**ABOUT THIS TASK**: With pictures left out, output exactly the lines of the listing below from the line that has "Tunnocks Caramel Wafer ships biscuits" to the line that has "Chevrolet TrailBlazer 2001–05", both lines kept.
*** Opening THE DATA ***
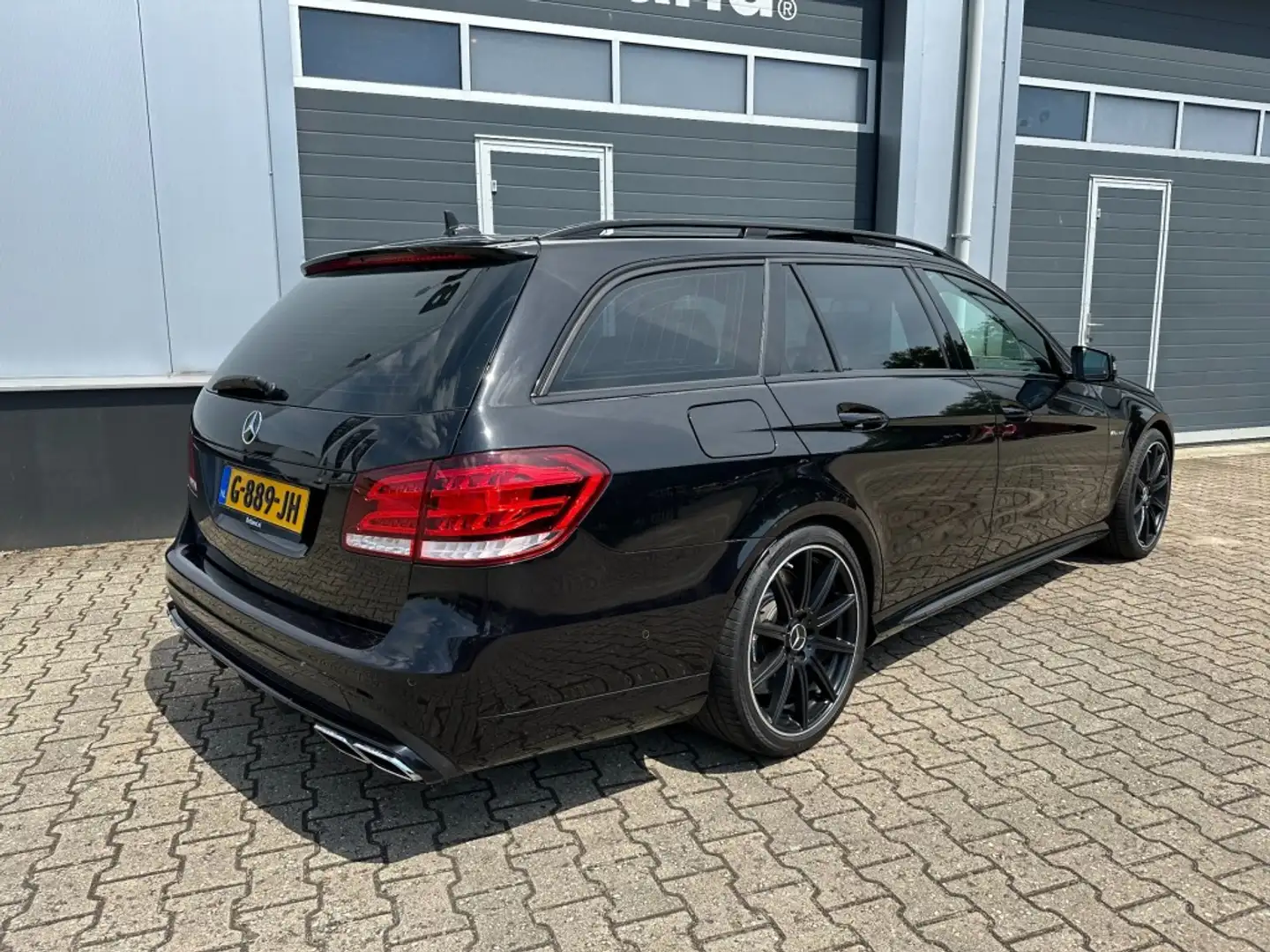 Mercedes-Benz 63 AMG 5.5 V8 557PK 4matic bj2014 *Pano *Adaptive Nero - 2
*** Closing THE DATA ***
*** Opening THE DATA ***
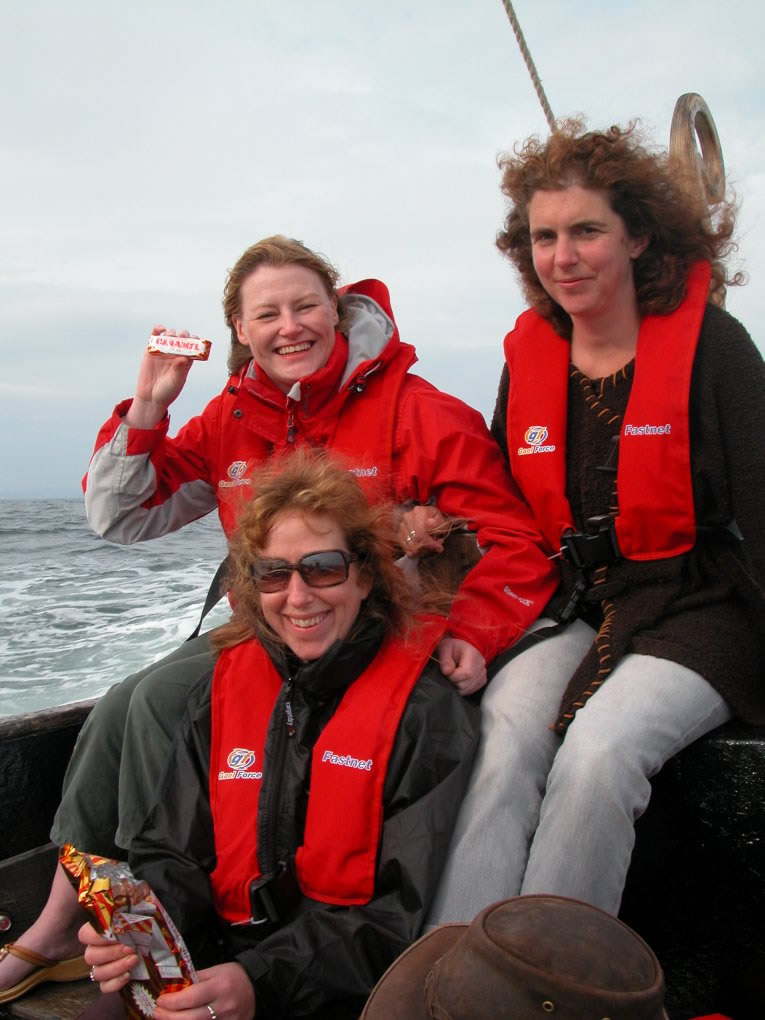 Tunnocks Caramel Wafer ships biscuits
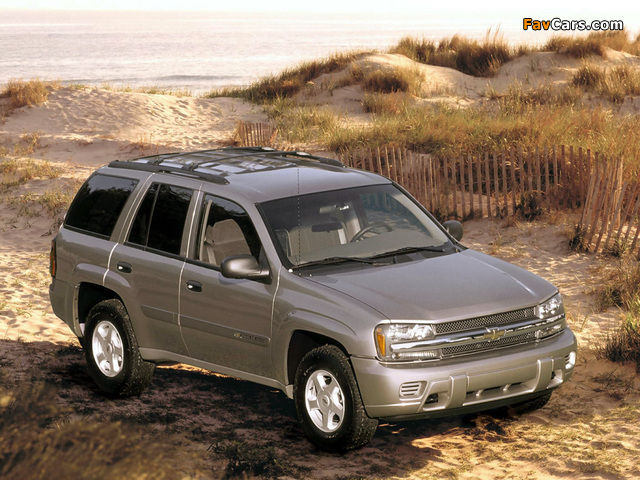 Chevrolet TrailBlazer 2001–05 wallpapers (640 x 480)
*** Closing THE DATA ***
*** Opening THE DATA ***
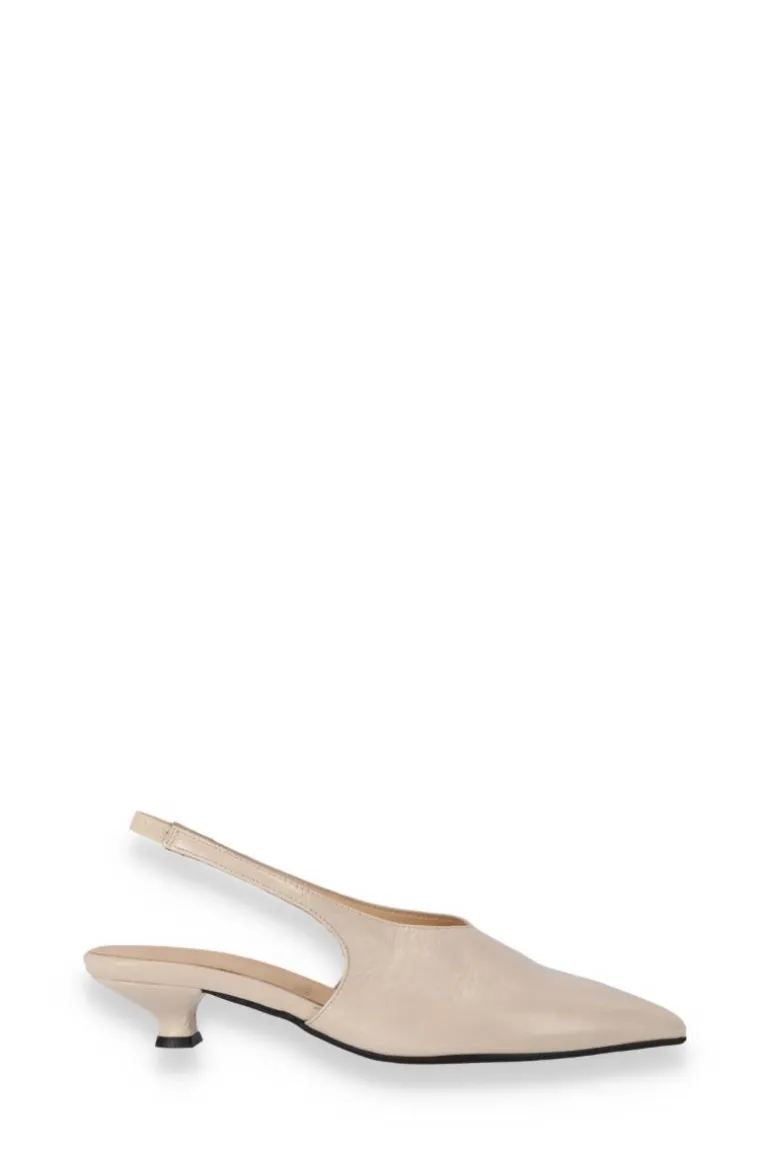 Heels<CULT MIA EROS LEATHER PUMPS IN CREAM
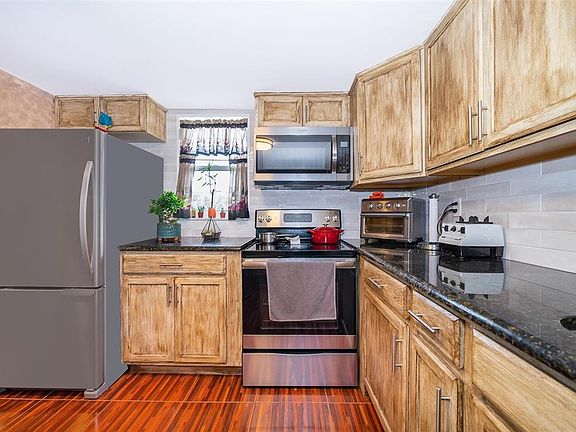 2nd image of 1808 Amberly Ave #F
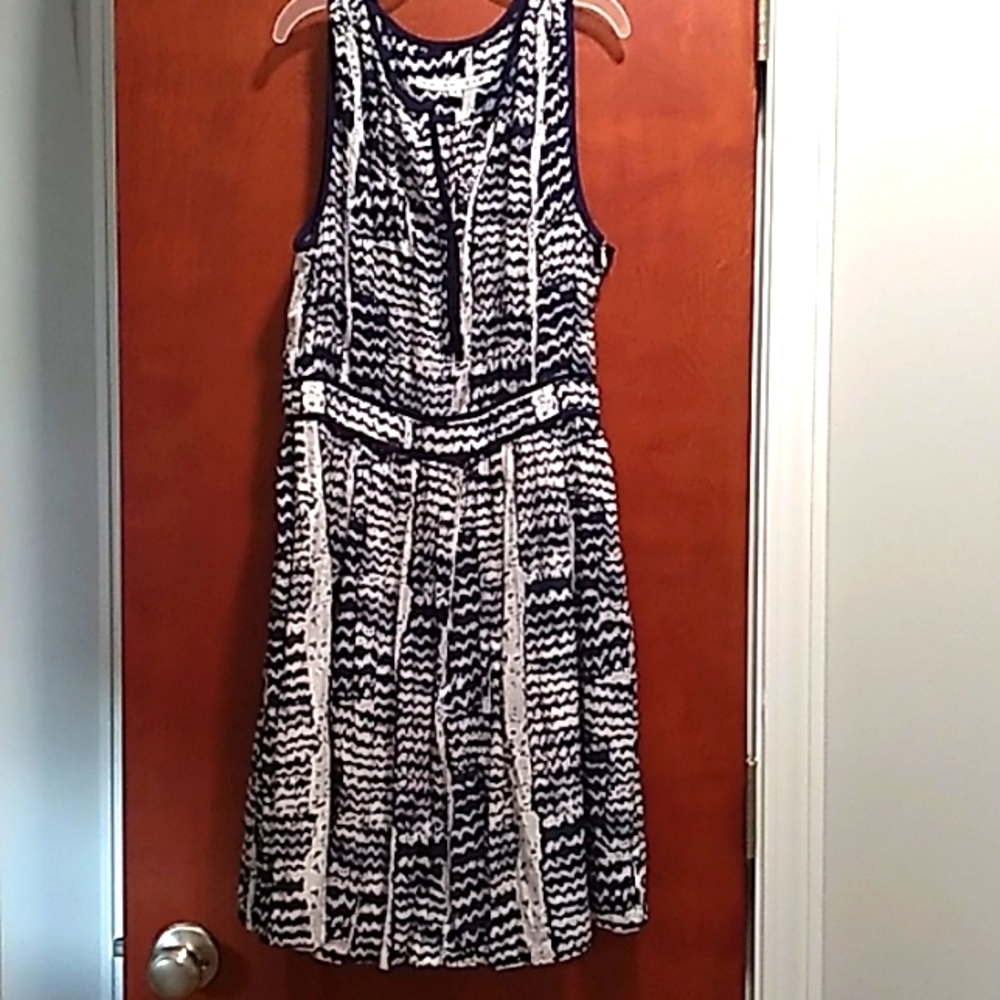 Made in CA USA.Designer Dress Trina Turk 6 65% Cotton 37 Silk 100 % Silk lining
*** Closing THE DATA ***
**EXERCISE RESULT**:
 Tunnocks Caramel Wafer ships biscuits
 Chevrolet TrailBlazer 2001–05 wallpapers (640 x 480)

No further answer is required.